DIRECTIONS> The expected output is a verbatim reprint of the lines from the beginning of the data that follows through the line that contains "T-shirt côtelé regular".

═════ TASK INPUTS ═════

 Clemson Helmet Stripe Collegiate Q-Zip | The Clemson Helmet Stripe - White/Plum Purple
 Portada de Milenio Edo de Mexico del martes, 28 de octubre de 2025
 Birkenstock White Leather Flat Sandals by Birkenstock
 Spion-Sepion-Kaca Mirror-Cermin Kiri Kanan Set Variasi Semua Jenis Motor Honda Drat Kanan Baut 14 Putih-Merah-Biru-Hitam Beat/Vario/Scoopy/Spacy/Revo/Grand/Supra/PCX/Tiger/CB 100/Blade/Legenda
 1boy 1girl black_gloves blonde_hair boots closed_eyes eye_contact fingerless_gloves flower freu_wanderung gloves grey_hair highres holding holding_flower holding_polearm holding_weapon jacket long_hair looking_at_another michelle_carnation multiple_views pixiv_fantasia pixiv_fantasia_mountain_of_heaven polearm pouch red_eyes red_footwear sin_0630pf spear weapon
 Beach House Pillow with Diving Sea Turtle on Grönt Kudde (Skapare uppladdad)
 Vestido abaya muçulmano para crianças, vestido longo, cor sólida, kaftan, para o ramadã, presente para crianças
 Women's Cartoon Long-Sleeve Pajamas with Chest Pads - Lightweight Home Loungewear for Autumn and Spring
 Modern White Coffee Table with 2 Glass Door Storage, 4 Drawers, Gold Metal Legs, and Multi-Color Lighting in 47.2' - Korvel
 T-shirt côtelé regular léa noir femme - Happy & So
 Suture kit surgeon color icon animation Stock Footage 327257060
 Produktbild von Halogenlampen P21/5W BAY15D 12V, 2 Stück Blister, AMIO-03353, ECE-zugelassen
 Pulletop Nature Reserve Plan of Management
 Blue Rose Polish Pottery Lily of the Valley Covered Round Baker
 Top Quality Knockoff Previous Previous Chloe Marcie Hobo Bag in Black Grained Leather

═════

RESPONSE TO THIS TASK>
 Clemson Helmet Stripe Collegiate Q-Zip | The Clemson Helmet Stripe - White/Plum Purple
 Portada de Milenio Edo de Mexico del martes, 28 de octubre de 2025
 Birkenstock White Leather Flat Sandals by Birkenstock
 Spion-Sepion-Kaca Mirror-Cermin Kiri Kanan Set Variasi Semua Jenis Motor Honda Drat Kanan Baut 14 Putih-Merah-Biru-Hitam Beat/Vario/Scoopy/Spacy/Revo/Grand/Supra/PCX/Tiger/CB 100/Blade/Legenda
 1boy 1girl black_gloves blonde_hair boots closed_eyes eye_contact fingerless_gloves flower freu_wanderung gloves grey_hair highres holding holding_flower holding_polearm holding_weapon jacket long_hair looking_at_another michelle_carnation multiple_views pixiv_fantasia pixiv_fantasia_mountain_of_heaven polearm pouch red_eyes red_footwear sin_0630pf spear weapon
 Beach House Pillow with Diving Sea Turtle on Grönt Kudde (Skapare uppladdad)
 Vestido abaya muçulmano para crianças, vestido longo, cor sólida, kaftan, para o ramadã, presente para crianças
 Women's Cartoon Long-Sleeve Pajamas with Chest Pads - Lightweight Home Loungewear for Autumn and Spring
 Modern White Coffee Table with 2 Glass Door Storage, 4 Drawers, Gold Metal Legs, and Multi-Color Lighting in 47.2' - Korvel
 T-shirt côtelé regular léa noir femme - Happy & So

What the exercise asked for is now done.